Бледный стоял он передо мной, скрестив руки, освещенный занимавшейся зарей. Я был сильно тронут и готов был броситься со слезами ему на шею.
– Верите вы или нет, что я скорее погибну, сгину с лица земли, чем компрометирую дело, в котором замешано для меня столько святого, – без вашего доверия я связан. Скажите откровенно: да или нет. Если нет – прощайте, и к черту всё, к черту и вас и меня! Я завтра уеду, и вы обо мне больше не услышите.
– В вашу дружбу, в вашу искренность я верю, но боюсь вашего воображенья, ваших нерв и не очень верю в ваш практический смысл. Вы мне ближе всех здесь, но, признаюсь вам, мне кажется, что вы наделаете бед и погубите себя.
– Так, по-вашему, у генерала Гауга практический гений?..
– Я этого не говорил, но думаю, что Гауг – больше практический человек, так, как думаю, что Орсини практичнее Гауга.
Энгельсон больше ничего не слушал – он плясал на одной ноге, пел и, наконец успокоившись немного, сказал мне:
– Попались, попались, как кур во щи!
Он положил мне руку на плечо и прибавил вполслуха:
– С Орсини-то я и обдумал весь план, с самым практическим человеком в мире. Ну, благословляйте, отче!
– А даете ли вы мне слово, что вы ничего не предпримете, не сказавши мне?
– Даю.
– Рассказывайте ваш план.
– Этого я не могу, по крайней мере теперь не могу…
Сделалось молчание. Что он хотел, понять было не трудно…
– Прощайте, – сказал я, – дайте мне подумать, – и невольно прибавил: – Зачем же вы мне об этом говорили?
Э<нгельсон> понял меня.
– Проклятая слабость! Впрочем, никто никогда не узнает, что я вам говорил.
– Да я-то знаю, – сказал я ему в ответ, и мы разошлись.

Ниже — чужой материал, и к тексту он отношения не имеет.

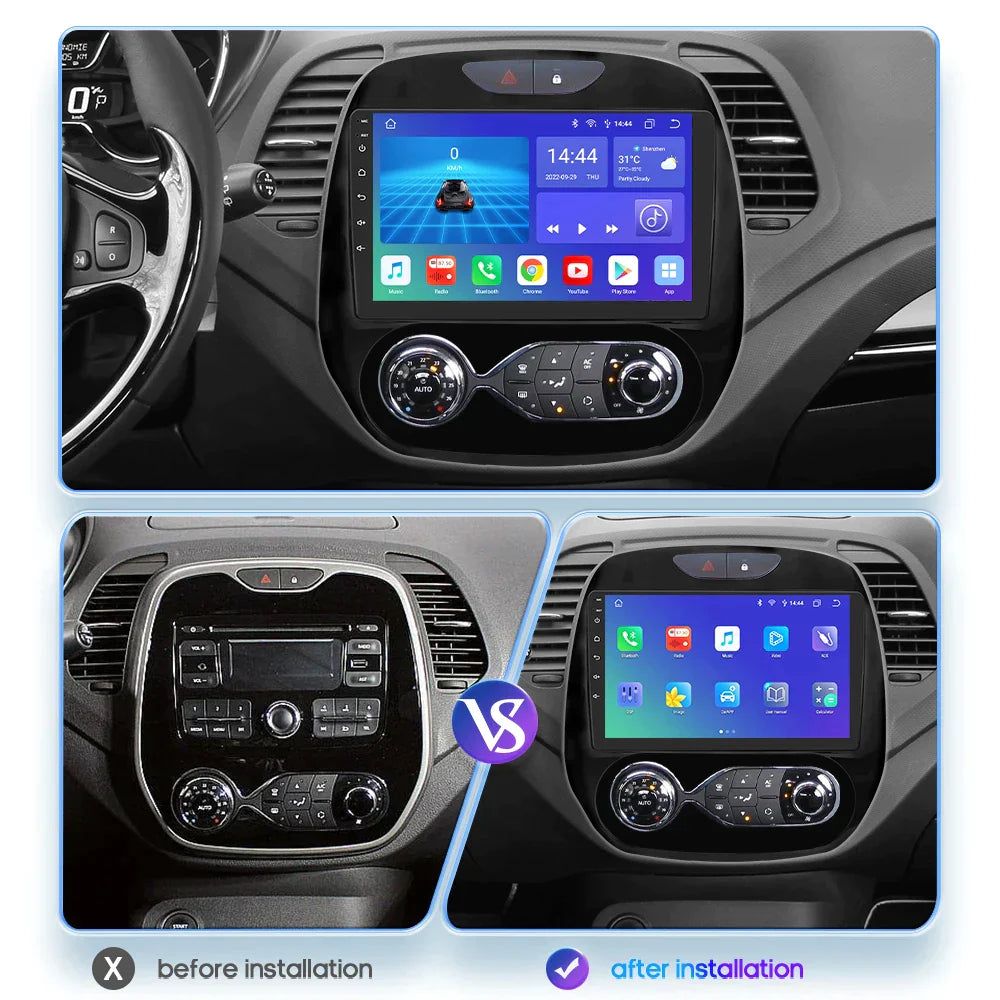 Renault Kaptur Captur 2016-2019 Car Multimedia Stereo GPS Navi Audio Video BT - RampageApparel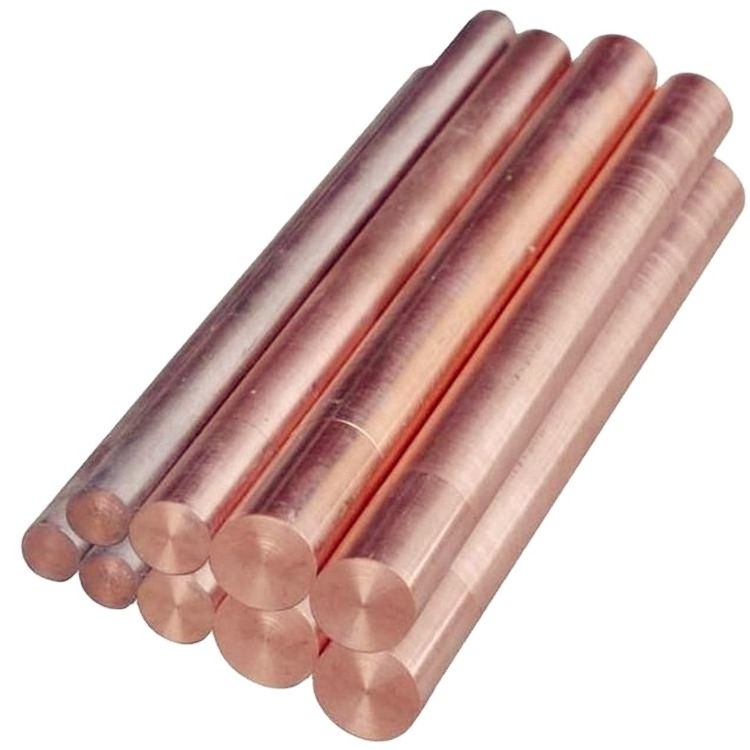 High Hardness Copper Rod C17200 Beryllium Bronze Rod Mold Copper Alloy Non-ferrous Metal Copper Bar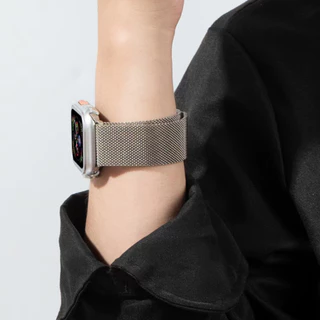 สายรัดโลหะสแตนเลสใหม่สำหรับ iWatch Series 11/10/9/8/7/6/5/4/3 / SE / Ultra 2 46mm 45mm 41mm 49mm 44mm 40mm 42mm 38mm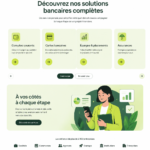 Exemple de modèle de site web bancaire pratique et élégant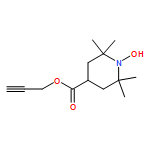 1-Piperidinyloxy, 2,2,6,6-tetramethyl-4-[(2-propyn-1-yloxy)carbonyl]-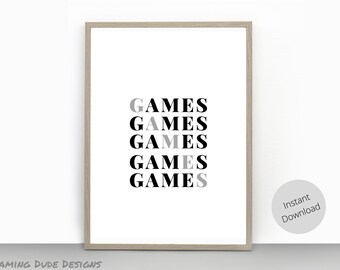 Gaming Wall Art, Video Game Print, Gaming Room Décor, Printable Game Room Art, Video Game Print, Kids Play Room, Boys Room, Digital Download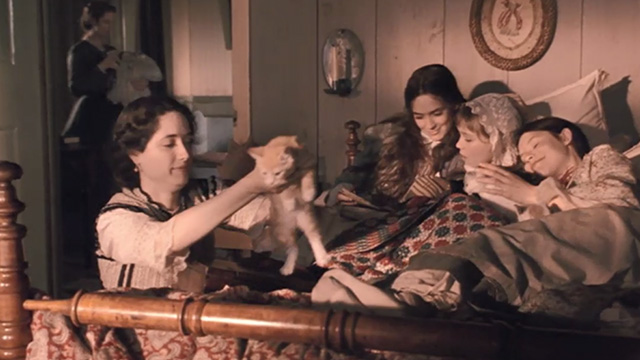 Little Women - girls in bed with kittens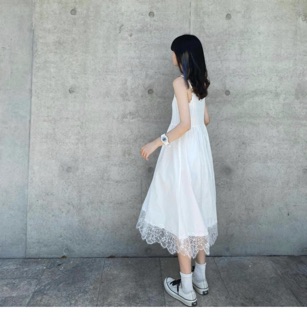 Váy 2 dây ren xinh xắn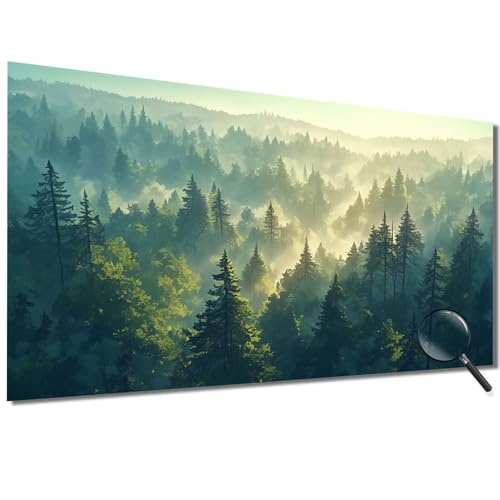 Malen Nach Zahlen Kinder Wald Malen Nach Zahlen Erwachsene Landschaft Malen Nach Zahlen XXL 100x200cm, Paint by Numbers DIY Set Erwachsene für Deko Wohnzimmer, Geschenke für Frauen, Ohne Rahmen-1W38 von Meiaiao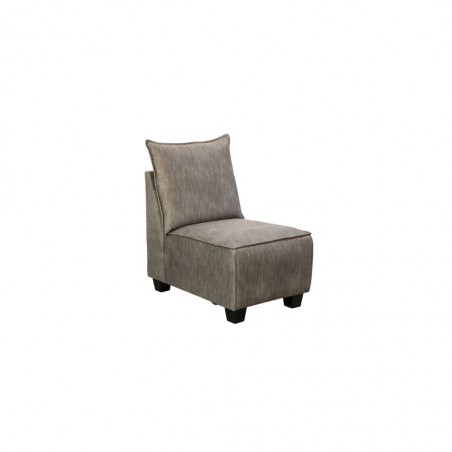 Hunter Corner W/Storage Ottoman Fabric Brown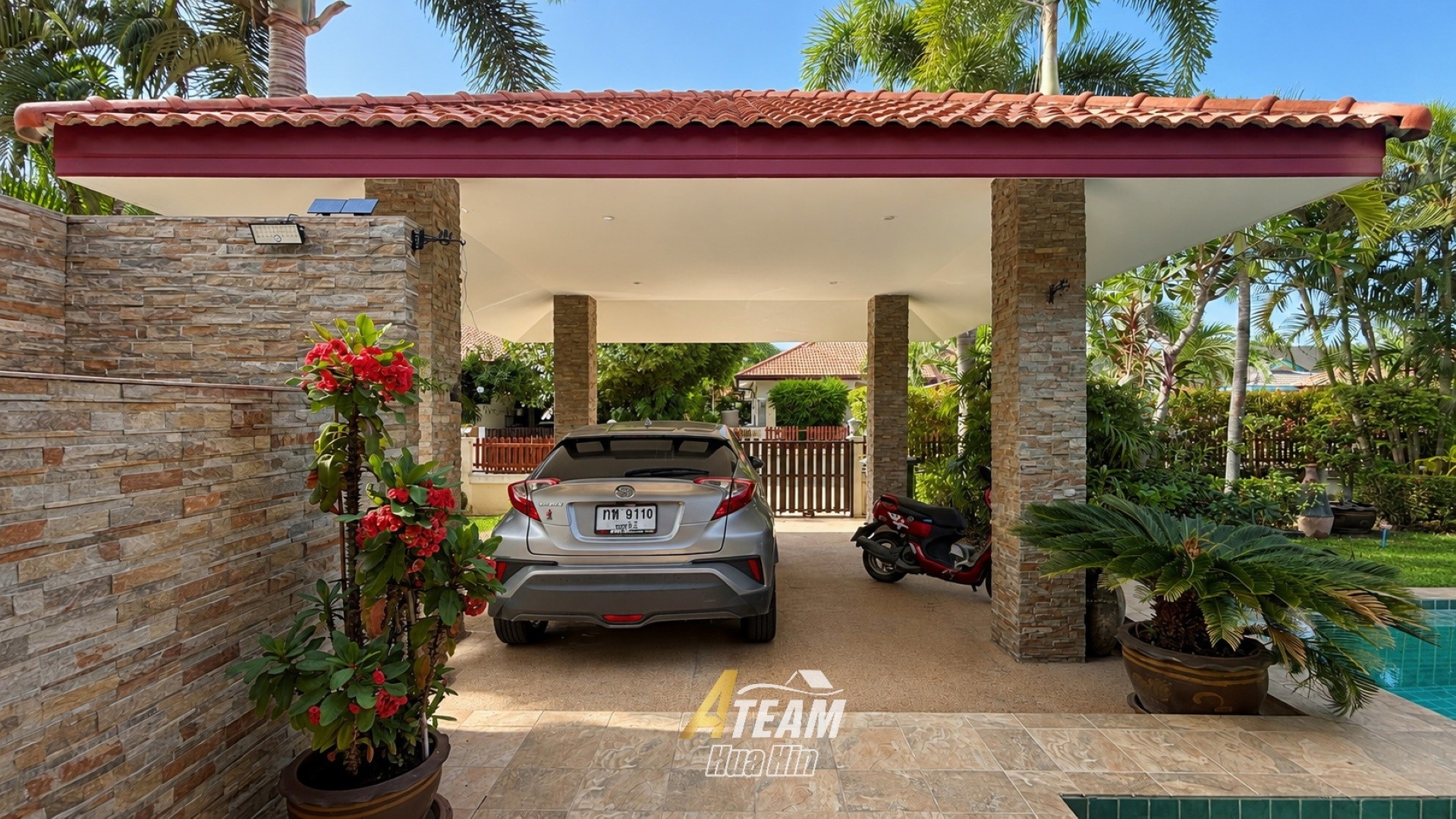 Villa avec piscine de 3 chambres à louer à Wijittra, à Hin lek fai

Страх за Энгельсона и ужас перед какой-нибудь катастрофой, которая должна была гибельно потрясти больной организм, заставили меня остановить исполнение его проекта. Качая головой и с жалостью смотрел на это Орсини… Итак, вместо казни, я спас Г<ервег>а, но уж, конечно, не для него и не для себя! Тут не было ни сентиментальности, ни великодушия…
Да и какое великодушие или сострадание было возможно и этим героем в обратную сторону. Эмма, чего-то перепугавшаяся, рассорилась с Фогтом за то, что он дерзко отзывался об ее Георге, и упросила Шар<ля> Эд<монда> написать к нему письмо, в котором бы он ему посоветовал спокойно сидеть в Цюрихе и оставить всякого рода провокации, а то худо будет. Не знаю, что писал Шар<ль> Э<дмонд>, – задача была нелегкая, – но ответ Г<ервега> был замечателен. Сначала он говорил, что не Фогтам и не Шар<лям> Эд<мондам> его судить, потом – что связь между им и мной порвал я, а потому да падет все на мою голову. Перебравши все и защищаясь даже в своей двуличной роли, он заключал так: «Я даже не знаю, есть ли тут измена? Толкуют еще эти шалопаи о деньгах, – чтоб окончить навсегда с этим дрянным обвинением, я скажу откровенно, что Гер<цен> не слишком дорого купил своими несколькими тысячами франков те минуты рассеяния и наслаждения, которые мы провели вместе в тяжкое время!» – «C’est grand, c’est sublime! – говорил Ch. Ed, – mais c’est niederträchtig»
[344].
На это Хоецк<ий> отвечал, что на подобные письма отвечают палкой, что он и сделает при первом свидании.
Г<ервег> умолк.
VIII
С наступлением весны больной сделалось лучше. Она уже большую часть дня сидела в креслах, могла разобрать свои волосы, не чесанные в продолжение болезни, наконец, без утомления могла слушать, когда я ей читал вслух. Мы собирались, как только ей будет еще получше, ехать в Севилью или Кадикс. Ей хотелось выздороветь, хотелось жить, хотелось в Испанию.
После возвращения письма все замолкло, точно будто совесть жены и мужа почувствовала, что они дошли до той границы, до которой редко ходит человек, перешли ее и устали.